In our Oregon research we often come across names of towns or areas we are not familiar with. Some recent examples I found are Goldson and Chemawa Oregon. I knew that Goldson was in the Lane County area, but just not exactly sure where it was. With internet search engines we can quickly find most of these now unincorporated towns or former post offices. Oregon Geographic Names is a great book to learn more about the history of these places. Now in its 7th edition, Oregon Geographic Names has been compiled by two generations of the McArthurs. Lewis A. McArthur published the first three editions and his son Lewis L. McArthur took over the project for editions four – seven. Wikipedia now reports that Lewis L.’s daughter Mary will be the editor for the 8th edition.

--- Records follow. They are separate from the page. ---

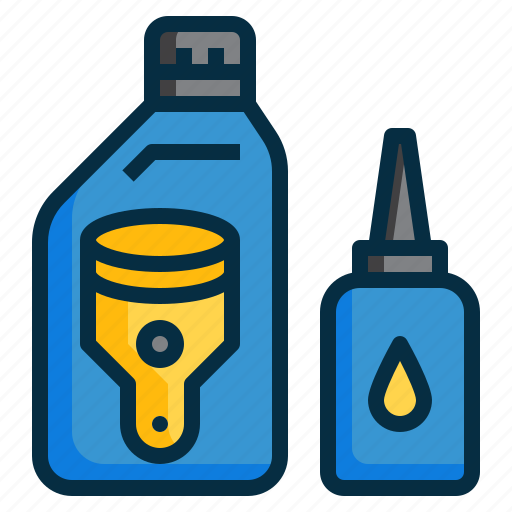 Engine, fluid, grease, liquid, lubricant, oil icon - Download on Iconfinder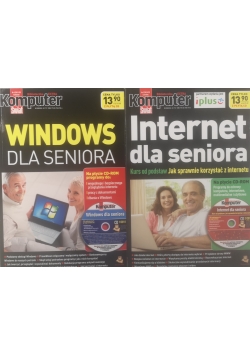 Komputer świat, zestaw 2 zeszytów + CD
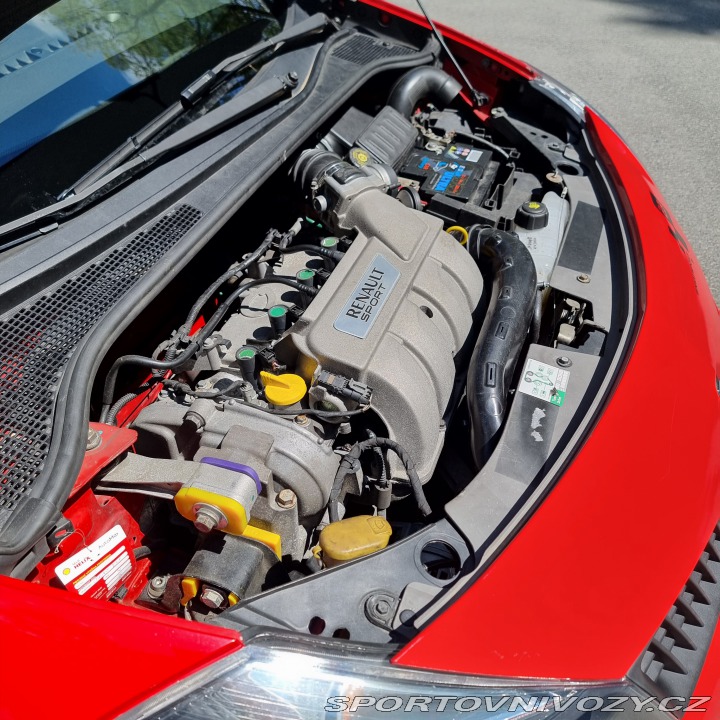 Renault Clio Sport RS 197 NOVÝ MOTOR 2007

Sometimes local lore and fact about how the names came into being conflict and the book does a good job sorting through the different traditions and stories.
Knowing exactly where a town was or is located will better help you find newspapers to research. If the death occurred in Goldson Oregon, I might very well search the Junction City Times or the Eugene Morning Register or Eugene Daily Guard, depending on the time period. Likewise a death in Camas Swale may have been reported in the Creswell Chronicle, Cottage Grove Sentinel, the Eugene Register Guard – or in all three. Each newspaper could have carried the same article or have their own account. It is worth the search!

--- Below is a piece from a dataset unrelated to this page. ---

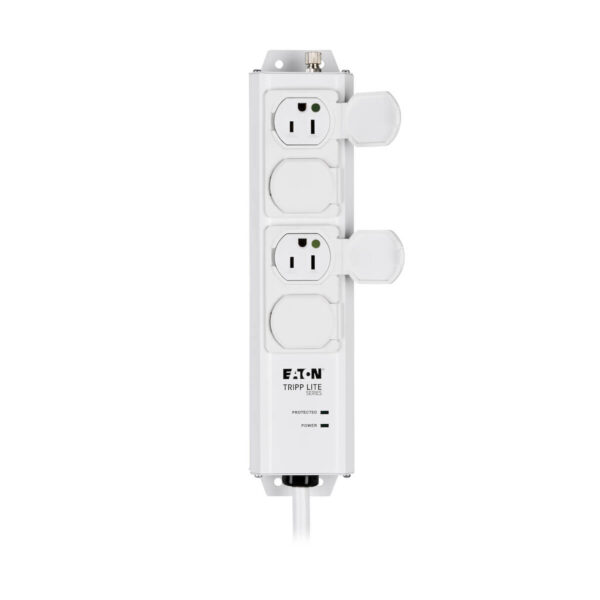fc1239094b117cec506ec75082beba20 Tripp Lite series Safe-IT UL 2930 Medical-Grade Surge Protector for Patient-Care Vicinity, 4x Hospital-Grade Outlets, 6 ft. Cord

To find the libraries that house copies of the newspapers you want to research, please refer to my earlier post, Extra! Extra! Read all about it!
Before the days of wire services – it was not uncommon to see newspapers end with a notation like, “Salem Newspapers please copy“. This was a way for the news to be distributed to another city where there was a noted connection. This is a huge clue that the reference city should also be investigated for members of your family.
If you are doing much research in Oregon, it might be helpful to have a copy of Oregon Geographic Names as part of your library. I purchased my copy used. The latest edition can be purchased at Amazon.com or from your local used book dealer.
*According to Oregon Geographic Names, 6th ed, pg. 459, there are two Jump off Joes – one in Grant County, “Jump off Joe Peak is a sharp ridge three miles south of Desolation Butte. In the early days an important sheep driveway ran along the ridge to the east end where there was a precipitous drop that required careful herding…” Jump off Joe Creek is located in the northeast corner of Josephine County. As one story goes Joe McLoughlin (son of Dr. John McLoughlin), while on a trapping trip fell over the edge of the bluff when returning to camp in the dark. The injuries were severe enough to eventually cause his death.